Oct 22, 2017 | White Collar Crimes |

The owner and operator of a Florida investment firm received a sentence of five years in federal prison on October 17 on fraud charges. Federal prosecutors claim the man was involved in a conspiracy with others to defraud investors, which allowed them to accumulate approximately $6 million.

According to federal prosecutors, the 55-year-old Sarasota investment advisor pleaded guilty in March to charges of conspiracy to commit wire fraud.

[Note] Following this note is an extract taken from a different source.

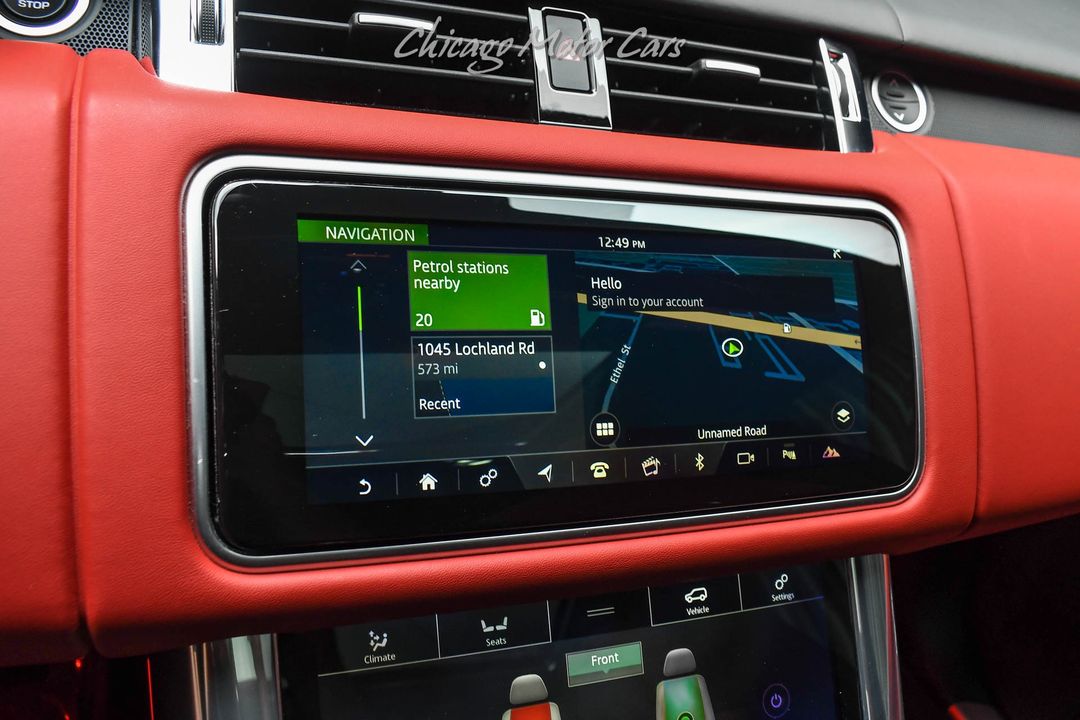 2022 Land Rover Range Rover Sport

In addition to a prison sentence, court documents show the judge also ordered the man to pay $3.4 million in restitution to those investors he allegedly defrauded and to forfeit $2.8 million in purportedly fraudulent earnings.

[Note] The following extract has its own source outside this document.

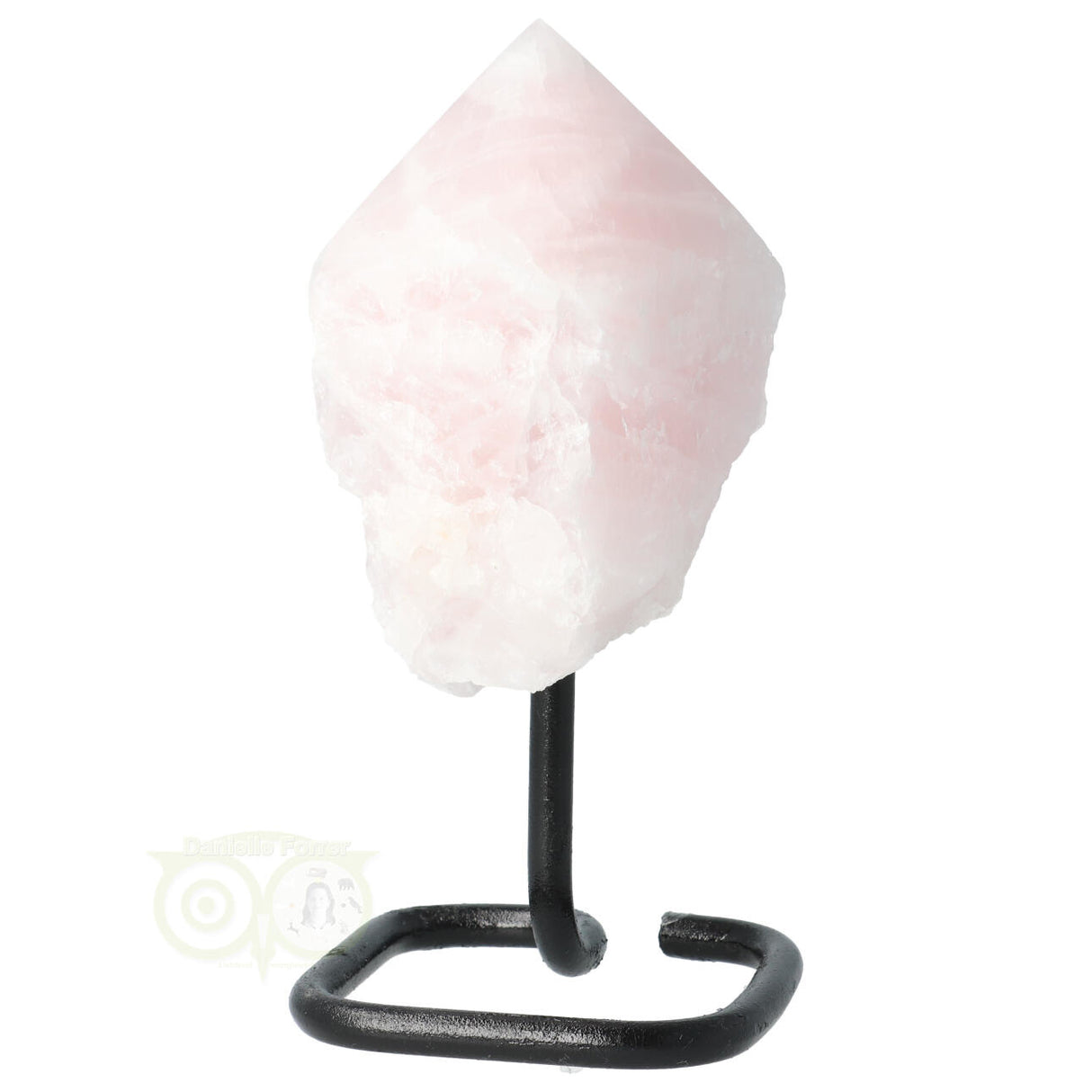 Rose Quartz Point on Stand No. 8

An investigation by the FBI alleged that the man, whose asset management and investment advisory firm had offices in both Florida and California, began perpetrating wire fraud with other co-conspirators in August 2012. Federal prosecutors also argued that FBI investigators also found evidence that he intentionally tried to mislead his investors and clients by hiding a previous federal wire fraud conviction in 2007. He was also accused of hiring a person to try and manipulate internet search results pertaining to his fraud conviction as well as to information about his previous bankruptcies, prior tax liens, adverse financial judgments and a debt of hundreds of thousands of dollars in restitution payments still owed to supposed victims of his previous 2012 wire fraud conviction. Court documents show the man apparently misused his clients’ investments by secretly issuing himself unjustified “salary” and “bonus” payments in amounts between $12,000 to $25,000 for personal use.

When an individual is the focus of a federal investigation into white collar crimes, their personal and professional reputations can often be seriously jeopardized or damaged regardless of whether it actually results in a conviction. An attorney might be able to help those under investigation for white collar crimes avoid more serious charges or receive lighter penalties if the case goes to court.